Margam Park is located on the east side of Swansea Bay. It is a large park of varying character, a triangular block of land situated between the ridge of Mynydd Margam to the north and north-east, and widening to the (now industrialised) coastal plain to the west. The site is an ancient one with remains of prehistoric, early historic, Cistercian and later settlement. The park has origins in the Tudor period, if not earlier. The park is roughly triangular and is almost completely surrounded by a substantial rubble stone wall, in places ruinous though parts of it, particularly along the A48 on the south side, are rebuilt (nprn 19296). The house, Margam Castle - a nineteenth-century Tudor and Gothic mansion built for C.R.M. Talbot - lies towards the west side of its southern half (19291). The park underwent many changes but Talbot transformed it from 1828 onwards.
The park forms three main areas. The first is the low-lying undulating ground of the southern half, bounded on the west by the Castle grounds and gardens and on the north by the steep, rocky ridge of Craig y Lodge, partly wooded, and the A48 along the south side. It is transected by a drive from a grand entrance flanked by two lodges (401866), towards the southern end of the east side of the park. Notable features include Furzemill Pond, several fields, woods and plantations south of the drive, largely open grassland in front of the house, a cricket ground, nineteenth-century volunteer rifle ranges, and the modern entrance drive from the east, off the A48.
Secondly, and contrastingly, there is the wooded valley, lake and Mynydd y Castell hillfort dominating the park from its west end (301336), all to the north and north-west of the house. The southern end of the valley is occupied by a triangular lake, and around it the former west drive running through woodland to the west; West Lodge survives though it now lies beneath the M4. At the north end the drive passes over a single-arched stone bridge. The stream below it is ornamented with a stepped cascade. The lake is fringed by deciduous trees and rhododendrons. Features here include the ruins of a monastic mill, Cryke mill; the ruins of Hen Eglwys, or Cryke chapel, a fifteenth-century church on the mixed woodland slopes (307267); a stone bath house for the abbey monks; the Lady’s Seat, an ornamental feature on a track flanking the stream north of the lake; and ‘Hen Gastell, the footings of an old building on the craggy south end of the hillfort with spectacular views across the park and the Bristol Channel beyond.

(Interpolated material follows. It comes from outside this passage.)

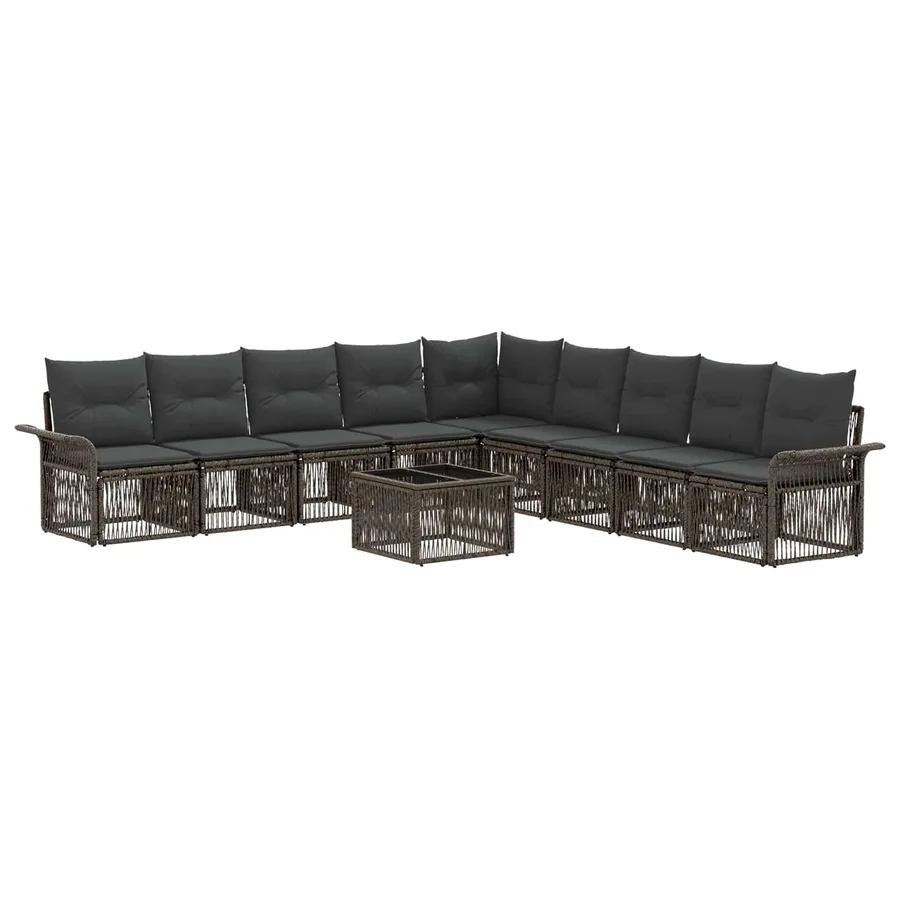 Ensemble de canapé de jardin 10 pcs Gris polyrotin - 2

The third area is the Upper Park, on the north, a roughly triangular area on a high, gently rolling plateau above the ridge, with a valley, Cwm Philip, along its north-west side. This area has always been labelled ‘Deer Park’ by the Ordnance Survey. It predates the present park, its earthwork boundary visible along Craig y Lodge scarp (below St Illtyd's Walk). A herd of deer is still kept in the park. On the top of the steep scarp is the ‘Bro’ monument, a modern construction of an inscribed standing stone set on a square viewing platform next to the remains of Lodge Isaf. In the east wall is the site of Lodge Uchaf. Both are shown on the OS 1876 map but there seems never to have been a lodge at the latter.
The park is now in use as a country park given over to various recreational pursuits (19295).
Sources:
Cadw 2000: Register of Parks and Gardens of Special Historic Interest in Wales, Glamorgan, 102-113 (ref: PGW(Gm)52(NEP)).
Ordnance Survey First Edition six-inch map, sheet: Glamorgan XXXIII.NW (1876).